**** Data under study ****

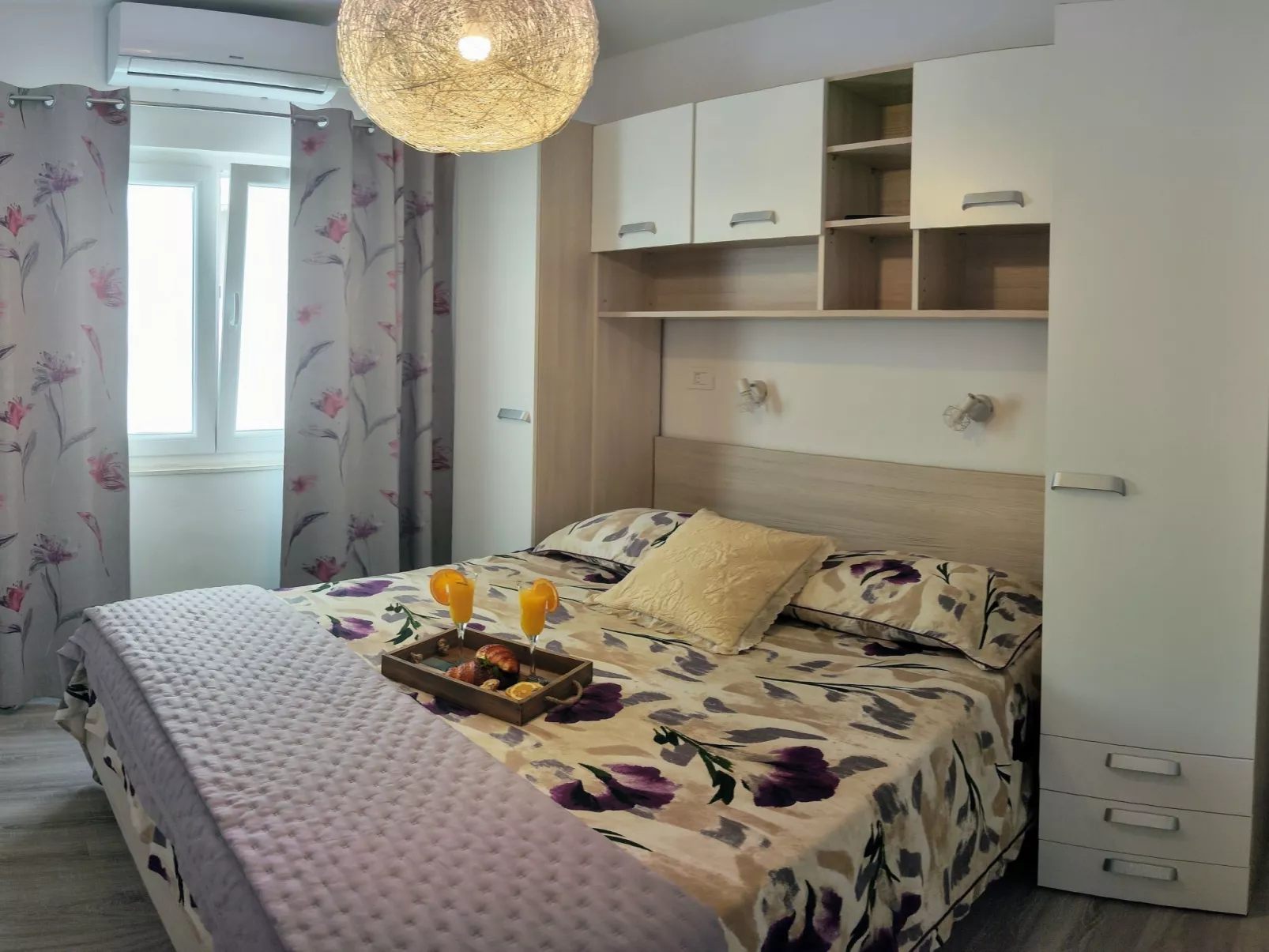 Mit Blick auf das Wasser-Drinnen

****
**** Data under study ****

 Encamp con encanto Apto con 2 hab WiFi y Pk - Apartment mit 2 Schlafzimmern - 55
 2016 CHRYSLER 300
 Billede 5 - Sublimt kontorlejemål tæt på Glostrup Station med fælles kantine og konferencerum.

****
**** Data under study ****

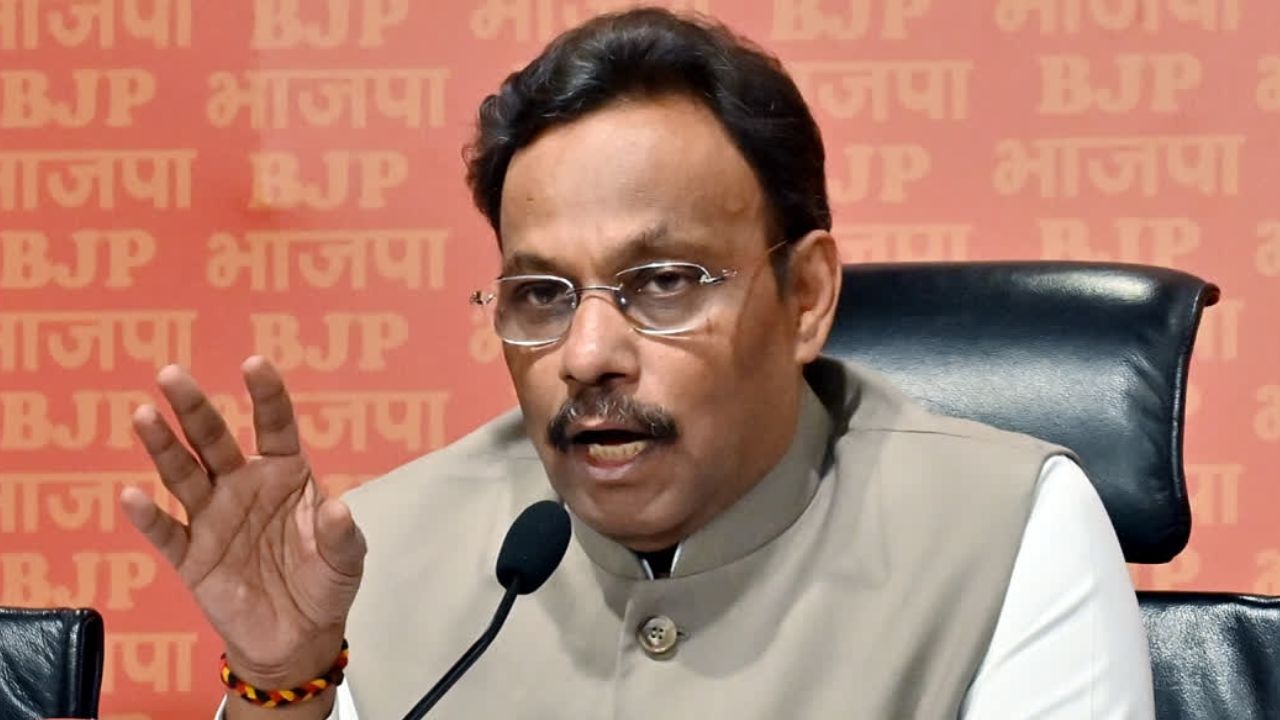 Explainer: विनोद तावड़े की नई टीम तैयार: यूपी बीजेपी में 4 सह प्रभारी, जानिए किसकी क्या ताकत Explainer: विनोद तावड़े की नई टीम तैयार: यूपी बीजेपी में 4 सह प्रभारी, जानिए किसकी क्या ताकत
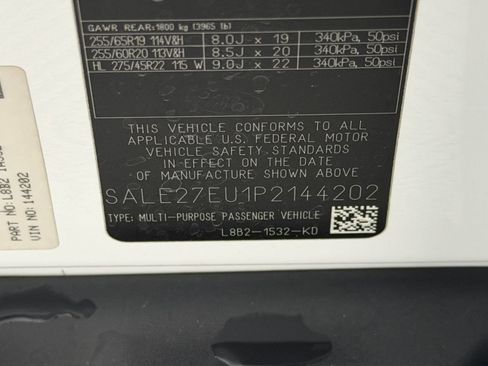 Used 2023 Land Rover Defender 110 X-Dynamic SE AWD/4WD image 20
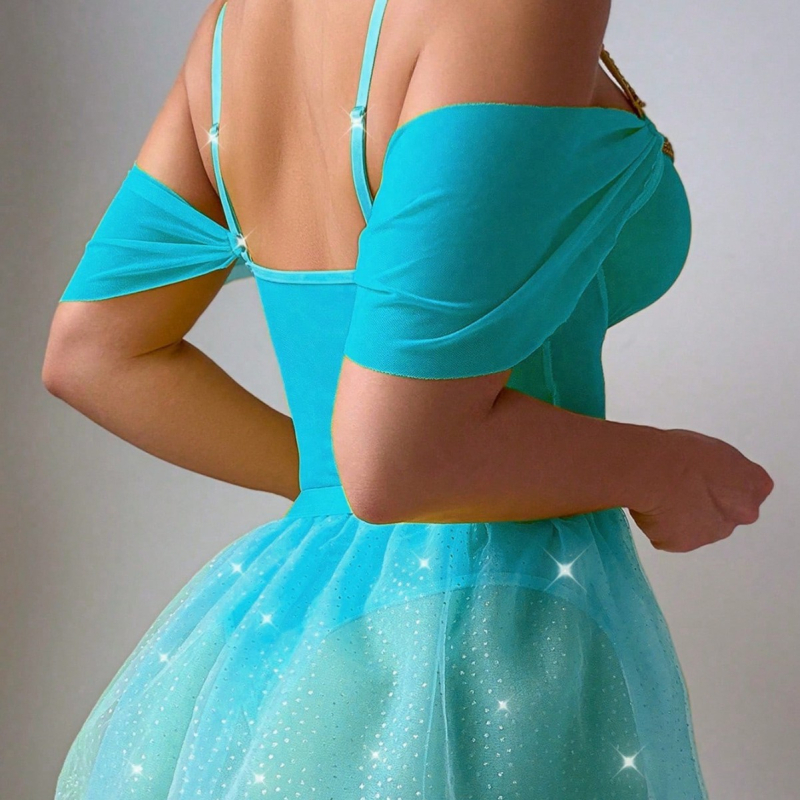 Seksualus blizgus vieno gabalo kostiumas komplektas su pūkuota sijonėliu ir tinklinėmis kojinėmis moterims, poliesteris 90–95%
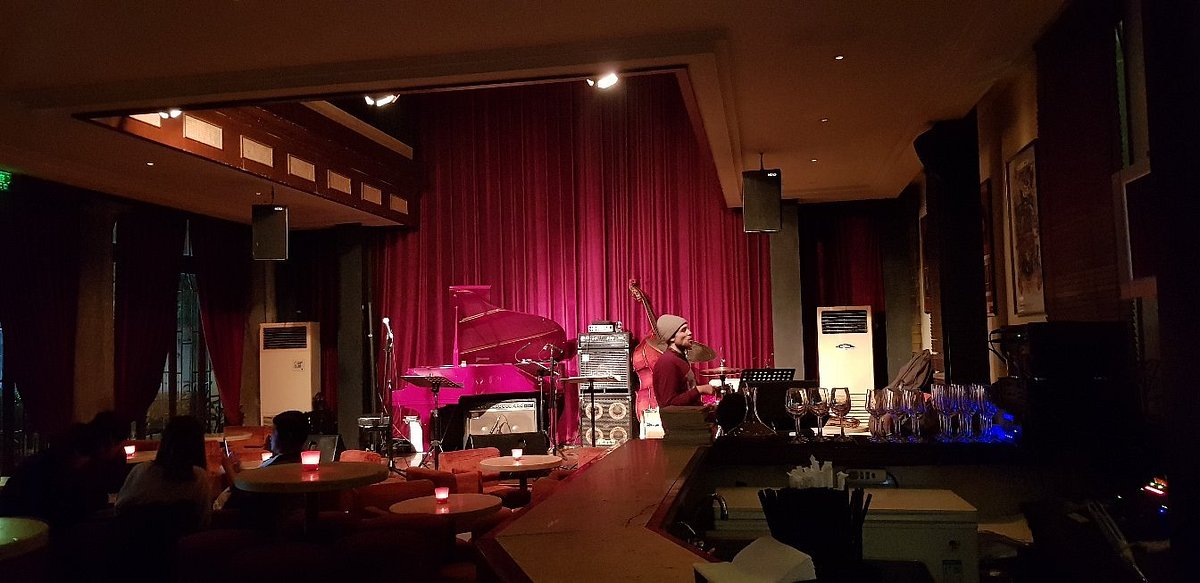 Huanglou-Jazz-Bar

****

> _Problem requirements_:
In the listing above, find the line containing "ताकत Explainer: विनोद" and the line containing "Huanglou-Jazz-Bar", then return both of them and every line between, exactly, without pictures.

> _Task answer_:
 Explainer: विनोद तावड़े की नई टीम तैयार: यूपी बीजेपी में 4 सह प्रभारी, जानिए किसकी क्या ताकत Explainer: विनोद तावड़े की नई टीम तैयार: यूपी बीजेपी में 4 सह प्रभारी, जानिए किसकी क्या ताकत
 Used 2023 Land Rover Defender 110 X-Dynamic SE AWD/4WD image 20
 Seksualus blizgus vieno gabalo kostiumas komplektas su pūkuota sijonėliu ir tinklinėmis kojinėmis moterims, poliesteris 90–95%
 Huanglou-Jazz-Bar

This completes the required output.